É neste sentido que o Sistema de Controle Interno pode exercer um papel primordial, institucionalizando e fortalecendo os controles administrativos, de caráter preventivo.
b) Com a institucionalização do SCI, as diretrizes da Administração, regras gerais e procedimentos relacionados aos programas de Compliance podem ser agregados aos instrumentos normativos que contém a especificação dos procedimentos de controle do SCI, ou podem ser especificados separadamente, em instrumentos específicos, porém vinculados. Este trabalho seria executado em conjunto, pelo órgão central do SCI e o Setor de Compliance.
Na Administração Pública, o Compliance ainda não é tratado com a devida ênfase e, neste caso, é justificável que a elaboração dessas normas seja assumida pelo órgão central do SCI, ainda que em caráter provisório.

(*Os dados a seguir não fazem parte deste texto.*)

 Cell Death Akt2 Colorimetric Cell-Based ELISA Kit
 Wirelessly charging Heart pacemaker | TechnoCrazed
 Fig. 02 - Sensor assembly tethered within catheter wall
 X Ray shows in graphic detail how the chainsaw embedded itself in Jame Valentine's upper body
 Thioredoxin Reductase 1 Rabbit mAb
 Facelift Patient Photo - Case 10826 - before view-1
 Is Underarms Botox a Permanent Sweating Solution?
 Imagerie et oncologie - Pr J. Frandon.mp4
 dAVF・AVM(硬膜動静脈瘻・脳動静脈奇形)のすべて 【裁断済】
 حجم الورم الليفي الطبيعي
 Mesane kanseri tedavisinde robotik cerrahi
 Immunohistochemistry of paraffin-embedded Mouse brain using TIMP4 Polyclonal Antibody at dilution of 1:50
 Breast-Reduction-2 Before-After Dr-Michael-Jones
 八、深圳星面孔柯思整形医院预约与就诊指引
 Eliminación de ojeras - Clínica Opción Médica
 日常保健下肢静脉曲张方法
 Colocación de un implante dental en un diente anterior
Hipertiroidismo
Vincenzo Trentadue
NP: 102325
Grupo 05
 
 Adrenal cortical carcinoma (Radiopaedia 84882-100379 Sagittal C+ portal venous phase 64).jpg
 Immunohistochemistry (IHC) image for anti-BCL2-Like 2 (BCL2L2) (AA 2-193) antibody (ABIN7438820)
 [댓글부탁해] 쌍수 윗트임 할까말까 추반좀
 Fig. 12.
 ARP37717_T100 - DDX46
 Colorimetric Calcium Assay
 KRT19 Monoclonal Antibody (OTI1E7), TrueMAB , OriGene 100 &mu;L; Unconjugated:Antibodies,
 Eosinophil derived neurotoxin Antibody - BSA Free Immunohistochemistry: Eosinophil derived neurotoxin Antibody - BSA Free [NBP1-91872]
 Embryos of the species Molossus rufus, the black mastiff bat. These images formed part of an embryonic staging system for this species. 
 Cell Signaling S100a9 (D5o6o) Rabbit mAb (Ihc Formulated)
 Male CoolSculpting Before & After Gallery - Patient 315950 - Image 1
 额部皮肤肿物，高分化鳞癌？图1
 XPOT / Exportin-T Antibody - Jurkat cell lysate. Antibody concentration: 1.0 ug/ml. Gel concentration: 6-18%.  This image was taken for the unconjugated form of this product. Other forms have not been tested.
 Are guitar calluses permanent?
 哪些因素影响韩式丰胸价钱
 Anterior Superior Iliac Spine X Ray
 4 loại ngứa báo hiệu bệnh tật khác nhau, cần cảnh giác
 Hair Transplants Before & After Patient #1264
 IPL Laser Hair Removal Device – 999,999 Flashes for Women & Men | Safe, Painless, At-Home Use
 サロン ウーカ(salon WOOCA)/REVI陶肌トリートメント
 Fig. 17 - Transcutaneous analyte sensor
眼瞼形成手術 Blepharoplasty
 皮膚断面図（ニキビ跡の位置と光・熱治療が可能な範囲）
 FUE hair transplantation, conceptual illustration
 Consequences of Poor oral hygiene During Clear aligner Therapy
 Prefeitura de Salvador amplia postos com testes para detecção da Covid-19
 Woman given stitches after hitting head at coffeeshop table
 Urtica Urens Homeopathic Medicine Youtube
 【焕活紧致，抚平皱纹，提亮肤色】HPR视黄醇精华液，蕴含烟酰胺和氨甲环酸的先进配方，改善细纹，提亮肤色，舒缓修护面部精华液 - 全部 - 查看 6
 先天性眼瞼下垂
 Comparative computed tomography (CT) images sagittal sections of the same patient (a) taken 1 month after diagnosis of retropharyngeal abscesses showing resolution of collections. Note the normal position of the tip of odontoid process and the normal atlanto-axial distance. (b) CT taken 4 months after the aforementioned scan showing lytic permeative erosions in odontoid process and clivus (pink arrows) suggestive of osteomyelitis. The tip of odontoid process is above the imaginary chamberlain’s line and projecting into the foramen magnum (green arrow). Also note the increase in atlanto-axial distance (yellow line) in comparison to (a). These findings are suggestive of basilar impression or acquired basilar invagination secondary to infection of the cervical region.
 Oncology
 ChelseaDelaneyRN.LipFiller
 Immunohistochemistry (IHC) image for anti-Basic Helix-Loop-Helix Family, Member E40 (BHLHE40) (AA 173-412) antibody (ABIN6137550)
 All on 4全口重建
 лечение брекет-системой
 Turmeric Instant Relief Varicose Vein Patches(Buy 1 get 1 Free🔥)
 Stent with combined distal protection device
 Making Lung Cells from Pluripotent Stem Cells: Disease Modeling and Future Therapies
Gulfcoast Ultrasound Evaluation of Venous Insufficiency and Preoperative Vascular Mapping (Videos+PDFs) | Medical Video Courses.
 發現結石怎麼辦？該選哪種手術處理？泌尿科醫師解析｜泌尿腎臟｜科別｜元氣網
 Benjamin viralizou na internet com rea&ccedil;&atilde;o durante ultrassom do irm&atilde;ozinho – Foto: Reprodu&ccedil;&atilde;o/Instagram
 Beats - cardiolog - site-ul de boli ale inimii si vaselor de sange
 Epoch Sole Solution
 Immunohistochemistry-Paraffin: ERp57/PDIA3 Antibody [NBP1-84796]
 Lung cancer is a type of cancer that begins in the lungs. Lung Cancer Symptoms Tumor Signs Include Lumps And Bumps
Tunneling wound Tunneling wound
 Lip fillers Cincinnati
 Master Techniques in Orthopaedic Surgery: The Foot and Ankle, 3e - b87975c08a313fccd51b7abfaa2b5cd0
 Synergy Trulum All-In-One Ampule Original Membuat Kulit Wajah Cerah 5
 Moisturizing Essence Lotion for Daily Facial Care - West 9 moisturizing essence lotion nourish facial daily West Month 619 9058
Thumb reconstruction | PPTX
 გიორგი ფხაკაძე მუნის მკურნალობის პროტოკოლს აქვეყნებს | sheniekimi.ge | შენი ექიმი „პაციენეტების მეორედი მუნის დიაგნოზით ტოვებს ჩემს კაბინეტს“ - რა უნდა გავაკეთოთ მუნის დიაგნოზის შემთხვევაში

Da mesma forma, no caso das empresas, dependendo do seu porte e características, as funções inerentes à implementação, coordenação e monitoramento do SCI podem ser assumidas pelo próprio Setor de Compliance (ou denominação equivalente), que passaria a ser considerado, também, como órgão central do Sistema de Controle Interno.
Com estas considerações, conclui-se que é perfeitamente admissível considerar, dentre os objetivos do Sistema de Controle Interno, quando operacionalizado na forma aqui comentada, o de dar suporte e fortalecer o Sistema de Compliance da organização.